1. Bölge adliye mahkemelerinin nihai kararlarının bozulması 6100 sayılı Kanun'un 371 inci maddesi ile 369 uncu maddesinin birinci fıkrasında yer alan sebeplerden birinin varlığı hâlinde mümkündür.

2. Dava konusu Samsun ili, Atakum ilçesi, ... Mahallesi 2734 ada 4 parsel sayılı 512,48 m² yüzölçümlü ve 2730 ada 9 parsel sayılı 465,94 m² yüzölçümlü arsa vasıflı taşınmazların davacı adına tapuda kayıt iken Samsun 5. Asliye Hukuk Mahkemenin 2020/75 Esas, 2021/117 Karar sayılı ilamı ile dava konusu 2734 ada 4 parsel sayılı taşınmazın tamamının, 2730 ada 9 parsel sayılı taşınmazın 222.98 m²lik kısmının tapusunun iptali ile orman vasfı ile Hazine adına tesciline karar verildiği, kararın 11.05.2021 tarihinde kesinleştiği, eldeki davanın 25.05.2021 tarihinde açıldığı anlaşılmaktadır.

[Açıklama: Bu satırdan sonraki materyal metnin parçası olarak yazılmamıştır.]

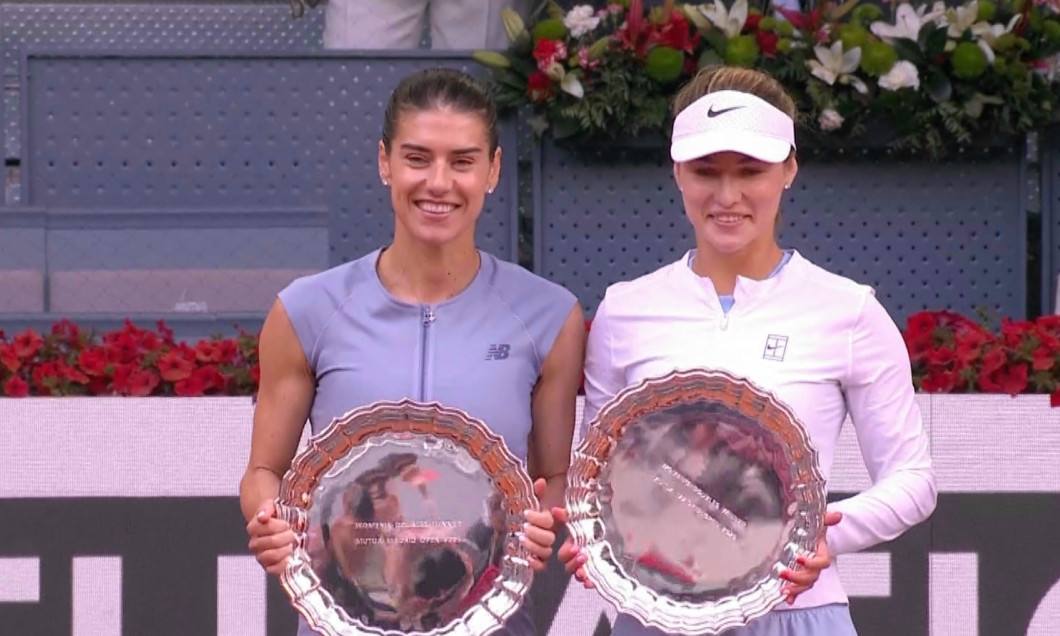 You are currently viewing Performanță incredibilă pentru Sorana Cîrstea. Târgovișteanca a căștigat finala de dublu de la Madrid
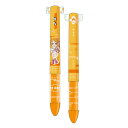 funbox ONE PIECE mimiペン ナミ 麦わらの一味 グッズ おみやげ プレゼントかわいい 2色ボールペン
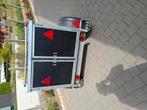 Gesloten aanhangwagen / materiaalwagen / bagagewagen, Ophalen, Zo goed als nieuw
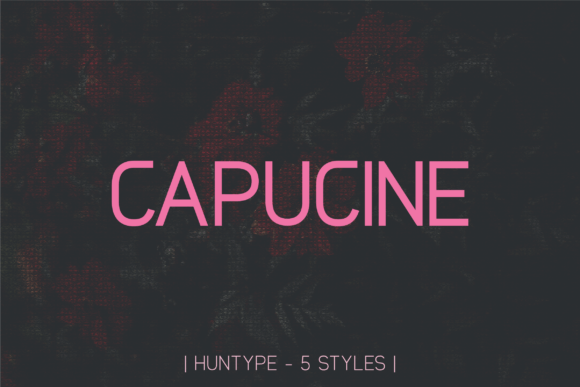 Capucine Typeface Review: A Modern Sans Serif for Branding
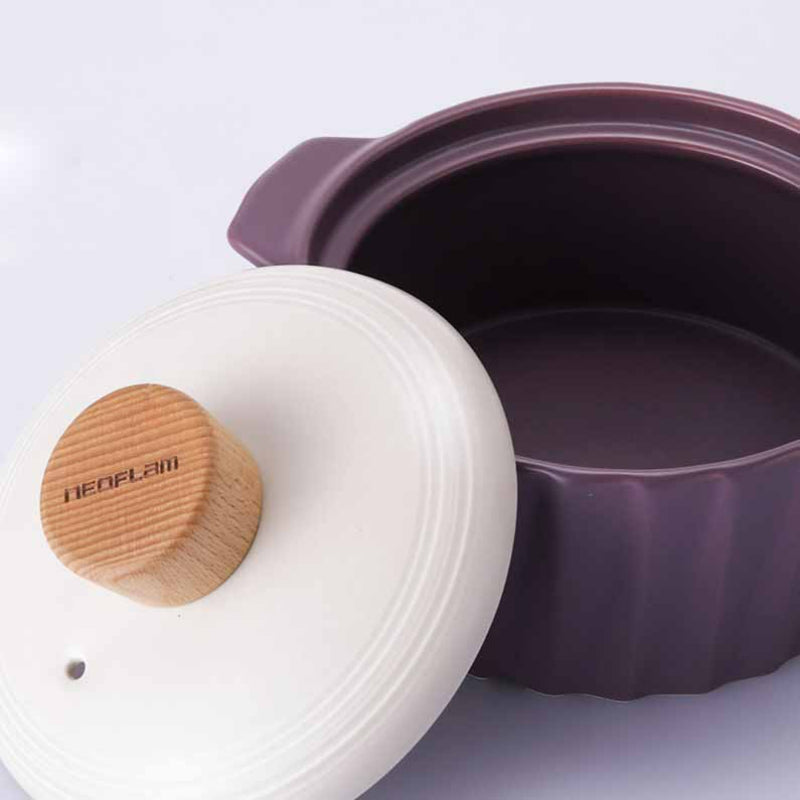 Neoflam - Haeoreum Earthenware Set Of 3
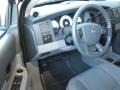 Bright Silver Metallic - Durango SXT Photo No. 12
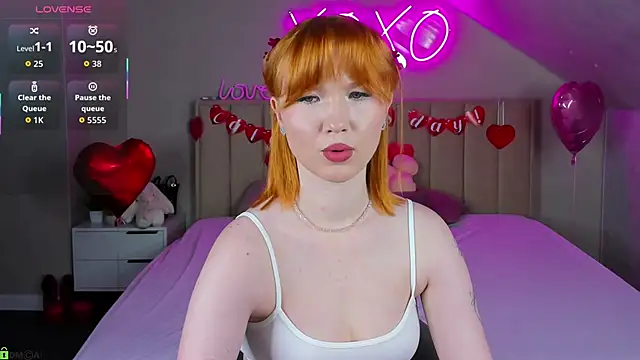 Snapshot of Anna_Patterson chatting on February 12, 2026, 9:15 am Anna Patterson online show from February 12, 2026, 9:15 am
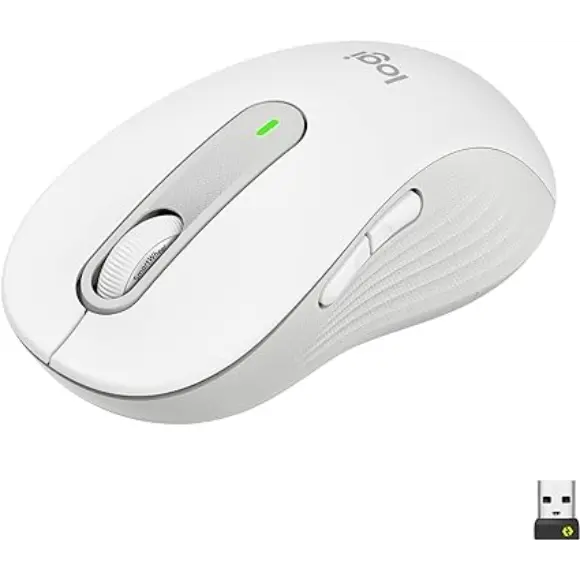 Logitech Signature M650 Large Size Wireless Mouse - PakByte Computers 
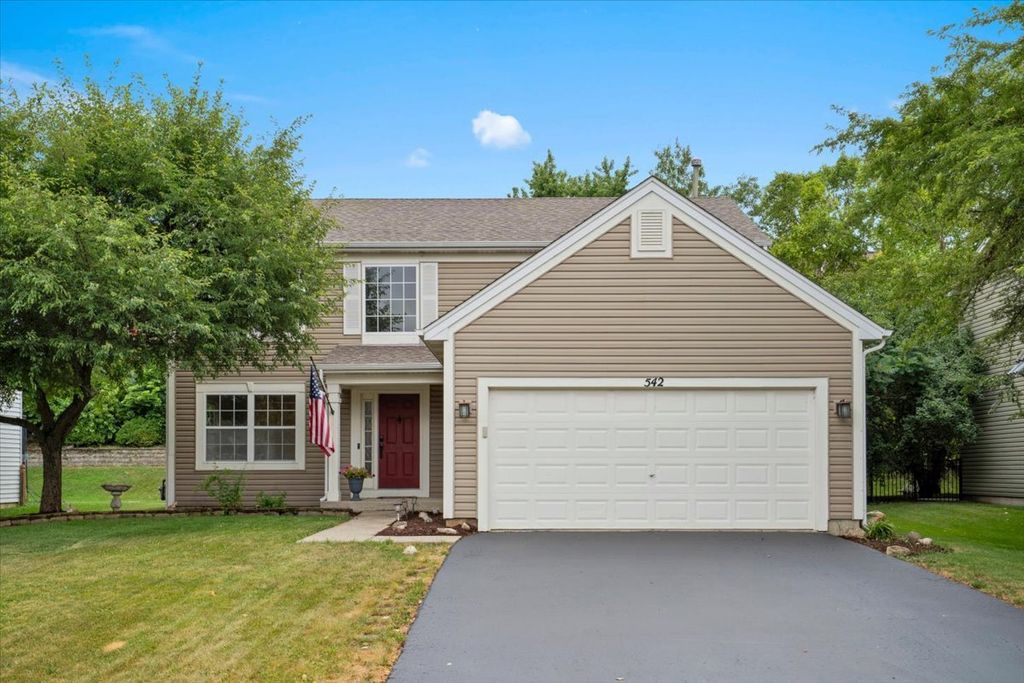 542 Waterford Lane, South Elgin, IL 60177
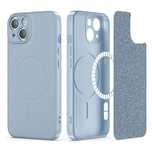 Etui Tech-Protect do iPhone 14 Plus IconSky Blue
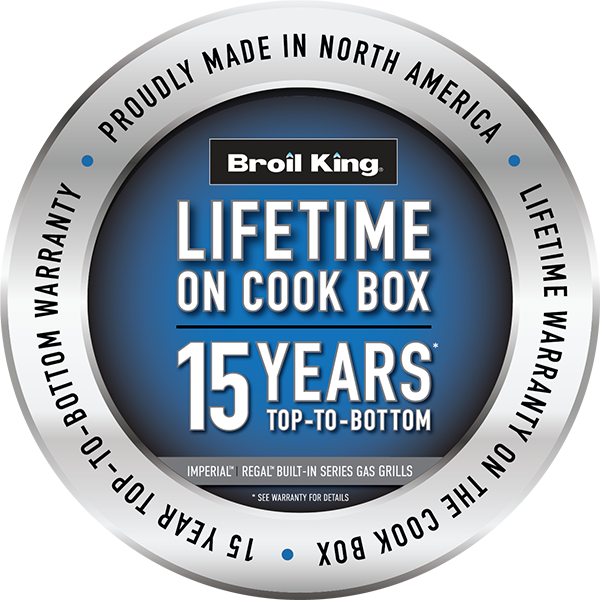 Broil King - Built-In Imperial S 590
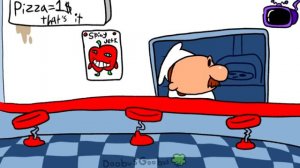 Pizza Tower:для тех кто не играл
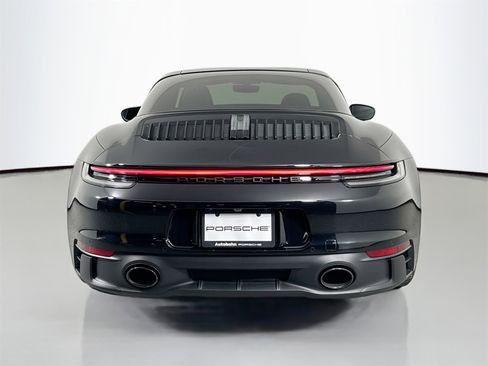 Certified 2024 Porsche 911 Targa 4 GTS image 6
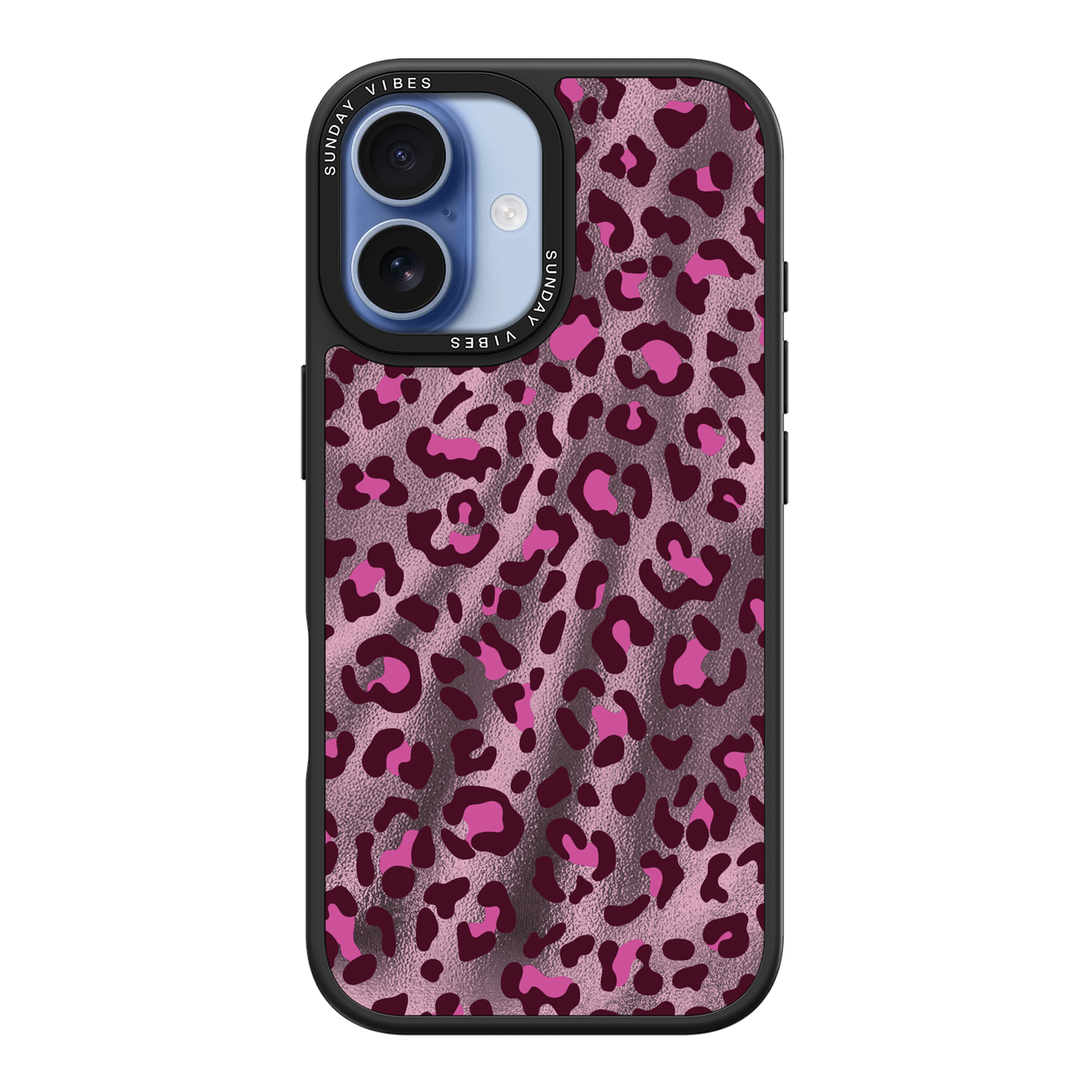 Fuchsia Fever iPhone Case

3. Tapu kaydı mahkeme kararı ile iptal edilen arsa niteliğindeki dava konusu taşınmazlara emsal kıyaslaması yapılarak bedel belirlenmesi ve taşınmazın gerçek bedelinin 4721 sayılı Kanun’un 1007 nci maddesi gereğince davalı Hazineden tahsiline karar verilmesinde bir isabetsizlik görülmemiştir.

4. Temyizen incelenen karar, tarafların karşılıklı iddia ve savunmalarına, dayandıkları belgelere, uyuşmazlığa uygulanması gereken hukuk kuralları ile hukukî ilişkinin nitelendirilmesine, dava şartlarına, yargılama ve ispat kuralları ile kararda belirtilen gerekçelere göre usul ve kanuna uygun olup temyiz dilekçelerinde ileri sürülen nedenler kararın bozulmasını gerektirecek nitelikte görülmemiştir.

VI. KARAR

Açıklanan sebeplerle;

Taraf vekillerinin yerinde görülmeyen tüm temyiz itirazlarının reddi ile usul ve kanuna uygun Bölge Adliye Mahkemesi kararının 6100 sayılı Kanun’un 370 inci maddesinin birinci fıkrası uyarınca ONANMASINA,

Davacıdan peşin alınan temyiz harcının Hazineye irat kaydedilmesine, davalı Hazine harçtan muaf olduğundan harç alınmasına yer olmadığına,

Dosyanın İlk Derece Mahkemesine, kararın bir örneğinin Bölge Adliye Mahkemesine gönderilmesine,

11.03.2024 tarihinde oy birliğiyle karar verildi.